A business owner uses accounting statements to converse about its financial statistics with interested parties, including investors and creditors. No matter how big or small your business is, whether you do your bookkeeping, or you have an entire accounting team, three financial statements must be arranged to deliver detailed information about a business’ financial condition. The following three financial statements cover subjects on everything from assets, liabilities, and equity to net income and cash flows.
A balance sheet is a financial report that lists the accounts and balances of a business entity’s assets, liabilities, and shareholders’ equity. A business entity reports such financial statistics in its balance sheet at the end of a bookkeeping period, providing a snapshot of its financial situation at that point in time.
An income statement, occasionally mentioned as the statement of profits and losses, reports a business entity’s various profit, costs, and expenses, as well as the net. Therefore, an income declaration is a summary of a business entity’s financial performance during a given bookkeeping period. An income statement typically is systematized to cover functional activities and non-operating events such as investments and any withdrawn processes.
Cash Flow Statement
The statement of cash flows displays the cash inflows and outflows between a business entity and the outside domain during a bookkeeping period. While incomes and expenditures reported in the income statement involve many cash transactions, they also include certain non-cash exchanges. In addition to operating activities, cash flows also come from financing actions and bankrolling activities.
Accounting Statements provide valuable information to a wide range of users:
- Managers require these statements to manage the dealings of the business by evaluating their financial performance and position and making important industry decisions.
- Stakeholders use these statements to weigh the risk and return of their investment in the enterprise and make investment verdicts based on their exploration.
- Prospective investors need these statements to measure the feasibility of investing in a business. Stockholders may foresee future dividends based on the profits disclosed in the reports. Moreover, risks related to the investment may be assessed from the statements. For example, inconsistent profits indicate higher risk. Consequently, financial statements provide a basis for the investment resolutions of potential investors.
- Financial institutions (e.g., banks) use these statements to select whether or not to grant a loan or credit to a business. Financial institutions gauge the financial health of a business to determine the probability of a bad loan. A sufficient asset base and liquidity must sustain any decision to lend.

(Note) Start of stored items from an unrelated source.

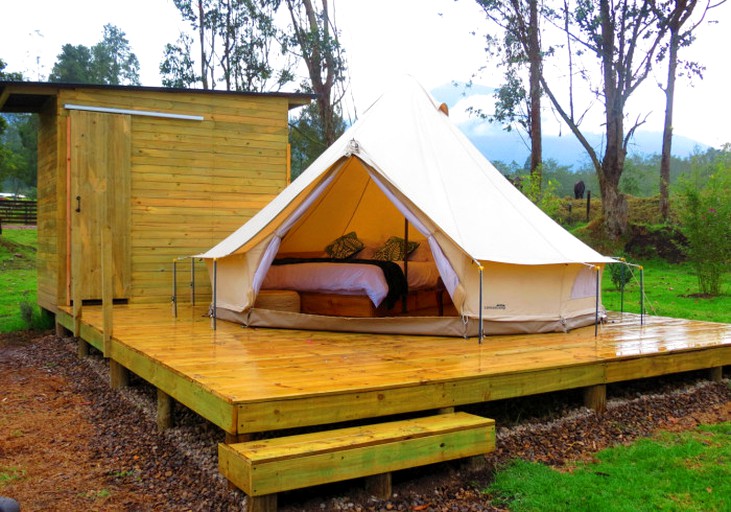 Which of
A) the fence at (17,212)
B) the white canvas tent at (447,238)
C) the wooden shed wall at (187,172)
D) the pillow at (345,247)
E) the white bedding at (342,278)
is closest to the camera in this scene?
the white canvas tent at (447,238)

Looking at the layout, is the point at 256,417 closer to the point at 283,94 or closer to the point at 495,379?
the point at 495,379

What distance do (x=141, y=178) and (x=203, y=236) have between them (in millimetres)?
913

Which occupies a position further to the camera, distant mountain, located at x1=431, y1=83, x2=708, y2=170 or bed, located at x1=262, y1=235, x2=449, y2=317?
distant mountain, located at x1=431, y1=83, x2=708, y2=170

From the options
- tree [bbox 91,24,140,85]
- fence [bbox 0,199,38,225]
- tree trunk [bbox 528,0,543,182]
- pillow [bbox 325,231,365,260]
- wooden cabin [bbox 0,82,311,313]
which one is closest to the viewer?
wooden cabin [bbox 0,82,311,313]

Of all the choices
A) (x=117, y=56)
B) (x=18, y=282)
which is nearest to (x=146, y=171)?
(x=18, y=282)

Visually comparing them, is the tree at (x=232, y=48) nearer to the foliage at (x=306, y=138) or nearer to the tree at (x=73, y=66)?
the foliage at (x=306, y=138)

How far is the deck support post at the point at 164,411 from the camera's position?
13.7 feet

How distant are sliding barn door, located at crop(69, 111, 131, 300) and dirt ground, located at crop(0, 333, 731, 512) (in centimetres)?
161

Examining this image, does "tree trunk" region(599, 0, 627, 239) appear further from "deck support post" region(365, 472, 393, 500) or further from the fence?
the fence

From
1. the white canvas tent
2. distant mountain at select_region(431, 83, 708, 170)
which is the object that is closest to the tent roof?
the white canvas tent

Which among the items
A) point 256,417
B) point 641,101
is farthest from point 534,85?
point 256,417

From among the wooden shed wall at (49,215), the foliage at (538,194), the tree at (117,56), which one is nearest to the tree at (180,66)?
the foliage at (538,194)

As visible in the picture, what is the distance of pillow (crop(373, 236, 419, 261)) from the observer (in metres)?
7.68

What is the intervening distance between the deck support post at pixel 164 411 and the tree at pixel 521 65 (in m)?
10.2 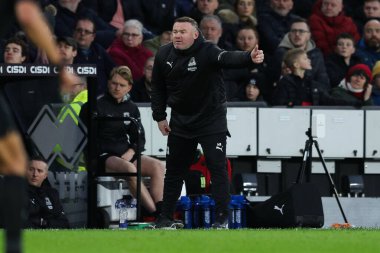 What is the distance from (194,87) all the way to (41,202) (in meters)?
2.32

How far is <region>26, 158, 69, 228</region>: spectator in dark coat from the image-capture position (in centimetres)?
1564

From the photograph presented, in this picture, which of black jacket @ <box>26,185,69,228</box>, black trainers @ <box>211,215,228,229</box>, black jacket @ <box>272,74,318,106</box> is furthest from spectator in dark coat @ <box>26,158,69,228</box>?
black jacket @ <box>272,74,318,106</box>

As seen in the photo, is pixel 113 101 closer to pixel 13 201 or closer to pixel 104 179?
pixel 104 179

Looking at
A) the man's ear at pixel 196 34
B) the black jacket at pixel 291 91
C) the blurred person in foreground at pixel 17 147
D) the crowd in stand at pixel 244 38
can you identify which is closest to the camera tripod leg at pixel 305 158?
the black jacket at pixel 291 91

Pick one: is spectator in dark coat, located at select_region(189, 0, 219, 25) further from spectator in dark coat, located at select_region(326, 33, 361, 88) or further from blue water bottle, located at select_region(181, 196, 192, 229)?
blue water bottle, located at select_region(181, 196, 192, 229)

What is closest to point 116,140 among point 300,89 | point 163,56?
point 163,56

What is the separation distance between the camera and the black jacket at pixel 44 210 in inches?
615

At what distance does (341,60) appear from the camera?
71.4 feet

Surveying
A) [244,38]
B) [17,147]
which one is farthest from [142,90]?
[17,147]

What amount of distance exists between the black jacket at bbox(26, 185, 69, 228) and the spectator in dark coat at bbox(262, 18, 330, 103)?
5.78 metres

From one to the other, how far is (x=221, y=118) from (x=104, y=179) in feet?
7.19

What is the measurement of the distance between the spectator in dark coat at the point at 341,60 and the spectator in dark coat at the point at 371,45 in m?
0.45

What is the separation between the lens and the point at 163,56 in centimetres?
1498

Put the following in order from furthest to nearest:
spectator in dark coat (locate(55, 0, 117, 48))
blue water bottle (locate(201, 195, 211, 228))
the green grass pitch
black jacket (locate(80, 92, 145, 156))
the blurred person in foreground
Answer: spectator in dark coat (locate(55, 0, 117, 48)) → black jacket (locate(80, 92, 145, 156)) → blue water bottle (locate(201, 195, 211, 228)) → the green grass pitch → the blurred person in foreground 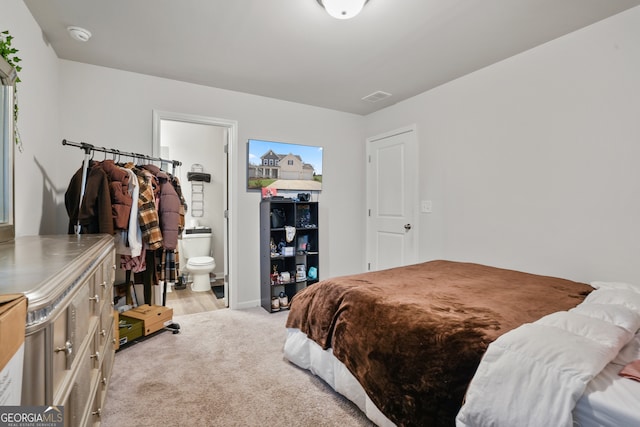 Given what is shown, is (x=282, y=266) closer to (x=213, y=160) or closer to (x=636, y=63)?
(x=213, y=160)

- Suppliers need these statements to evaluate the creditworthiness of a business and determine whether to supply goods on credit. Dealers need to know if they will be repaid. Terms of credit are set according to the assessment of their customers’ financial health.

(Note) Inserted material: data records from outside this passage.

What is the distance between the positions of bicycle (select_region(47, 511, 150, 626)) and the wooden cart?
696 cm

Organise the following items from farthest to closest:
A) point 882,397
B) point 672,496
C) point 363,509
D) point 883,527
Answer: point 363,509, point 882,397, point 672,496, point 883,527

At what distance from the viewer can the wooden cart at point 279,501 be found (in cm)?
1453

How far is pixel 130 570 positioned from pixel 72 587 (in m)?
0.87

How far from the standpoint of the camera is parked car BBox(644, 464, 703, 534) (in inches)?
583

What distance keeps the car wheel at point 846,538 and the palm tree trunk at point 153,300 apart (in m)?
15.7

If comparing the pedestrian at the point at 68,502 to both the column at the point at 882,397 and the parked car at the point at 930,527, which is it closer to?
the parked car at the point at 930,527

- Customers use these statements to measure whether a supplier has the means to ensure the steady supply of goods in the future. This is especially vital where a customer is reliant on a supplier for a specialized module.

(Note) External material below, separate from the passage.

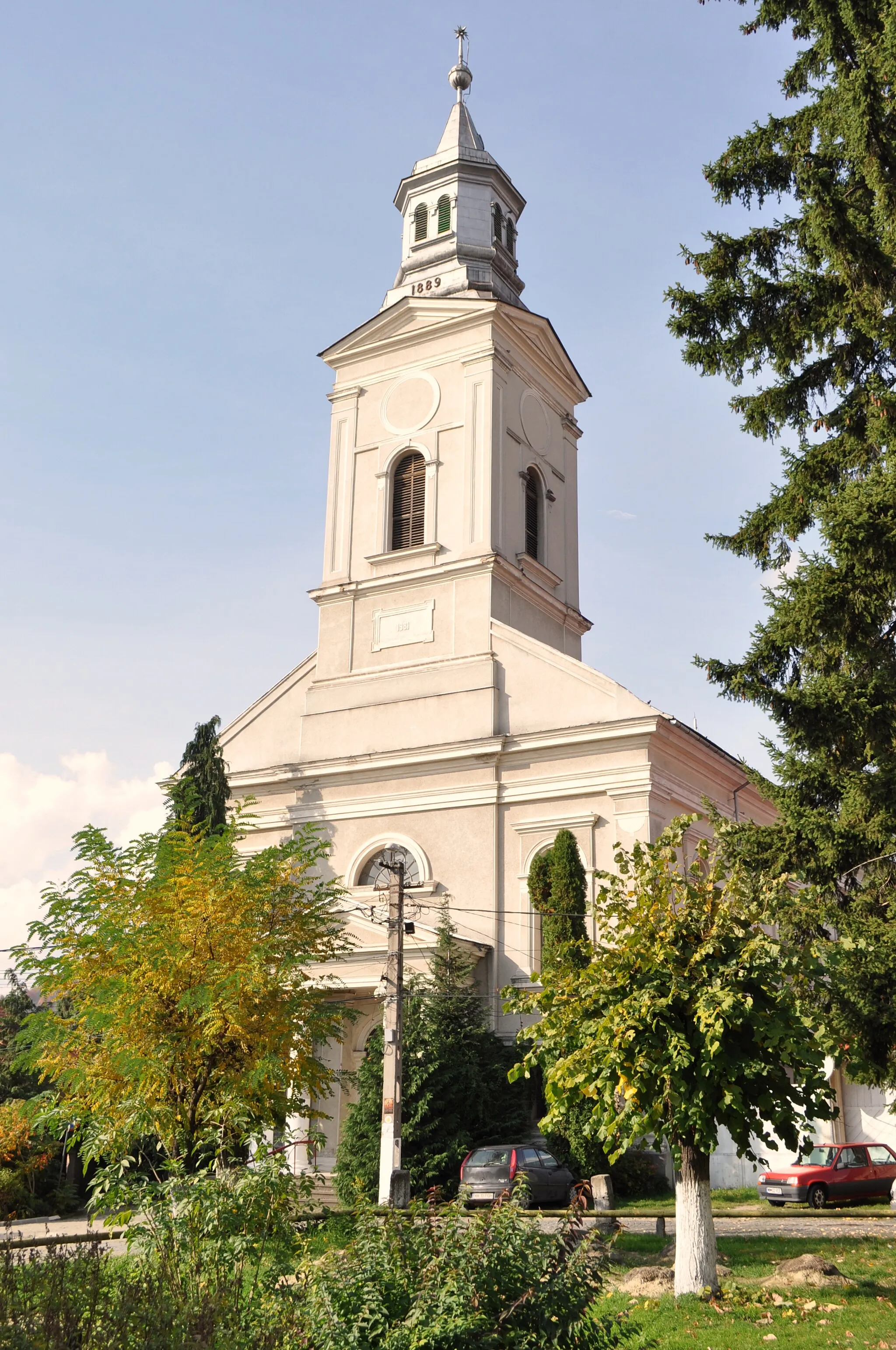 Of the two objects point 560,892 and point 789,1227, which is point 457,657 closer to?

- Employees use these statements for judging the company’s profitability and its significance to their future compensation and job security.
- Competitors compare their performance with opposing companies to learn and improve strategies to progress their competitiveness.
- The general public may be interested in the effects of business on the economy, environment, and the local community.
- Governments require these statements to decide the correctness of tax declared in the tax returns. The government also keeps a trail of economic development through analysis of financial statements of companies from different sectors of the economy.